___ Given information ___

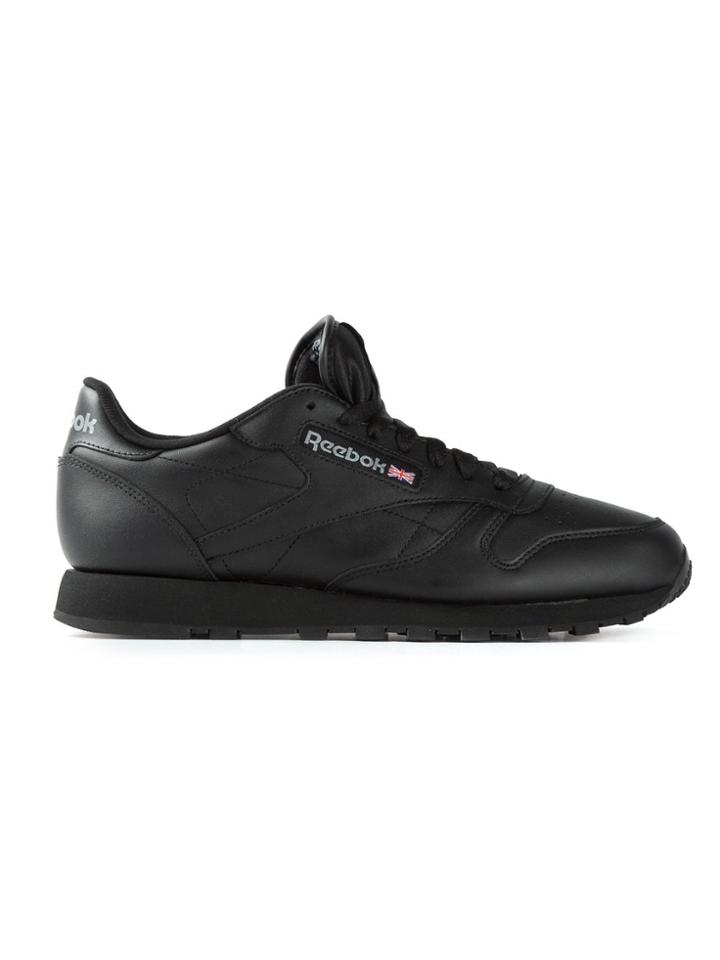 Reebok 'classic' Sneakers - Black
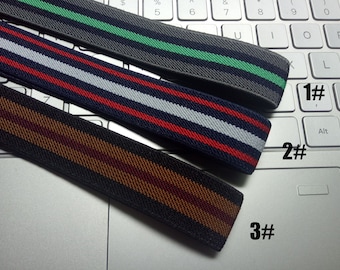 2 yards 25 mm hoge elastische naaitouwband voor elastiek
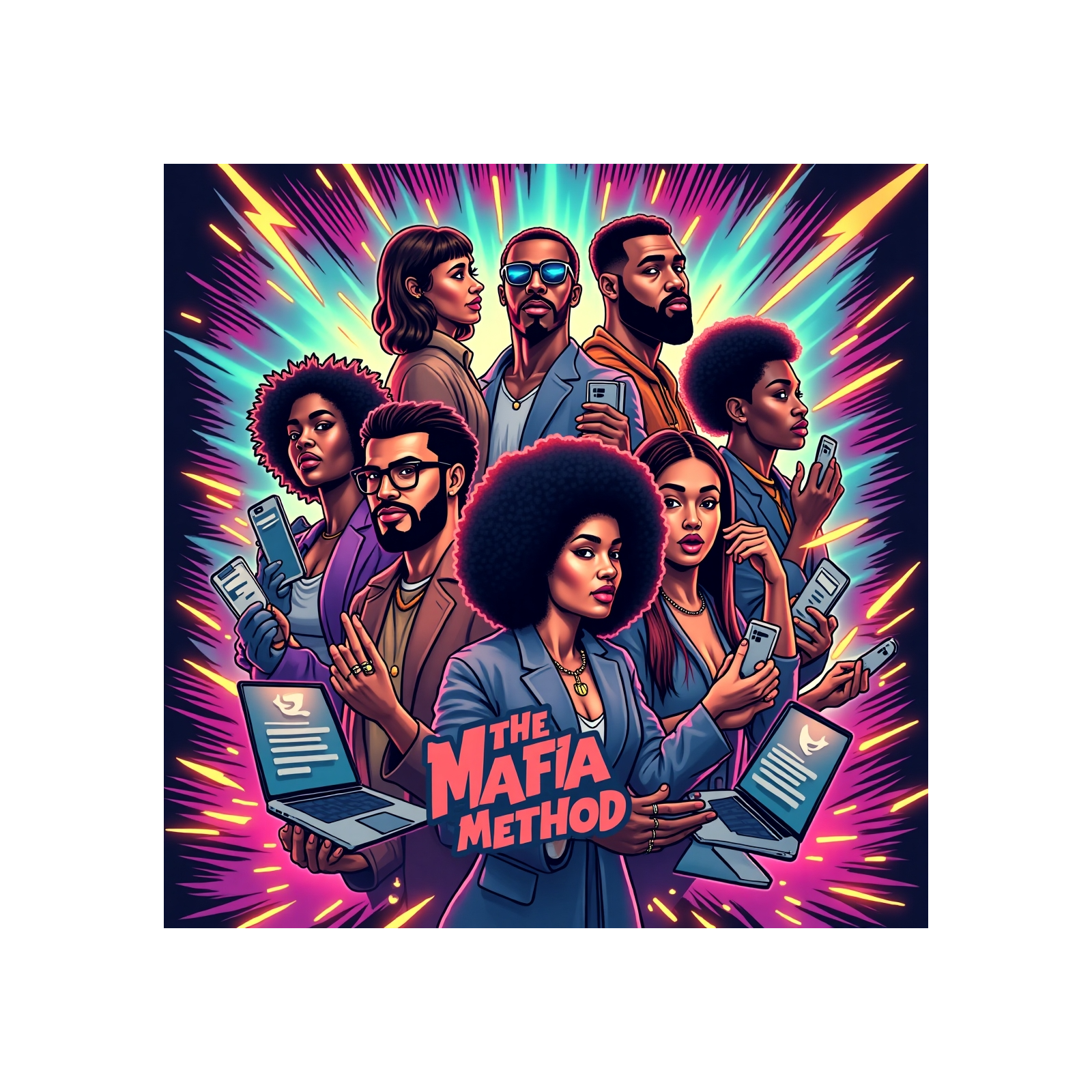 Marketing Never Sleeps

___

**Required work**
Recopy the full listing exactly, passing over any picture.

**Solved problem**
 Reebok 'classic' Sneakers - Black
 2 yards 25 mm hoge elastische naaitouwband voor elastiek
 Marketing Never Sleeps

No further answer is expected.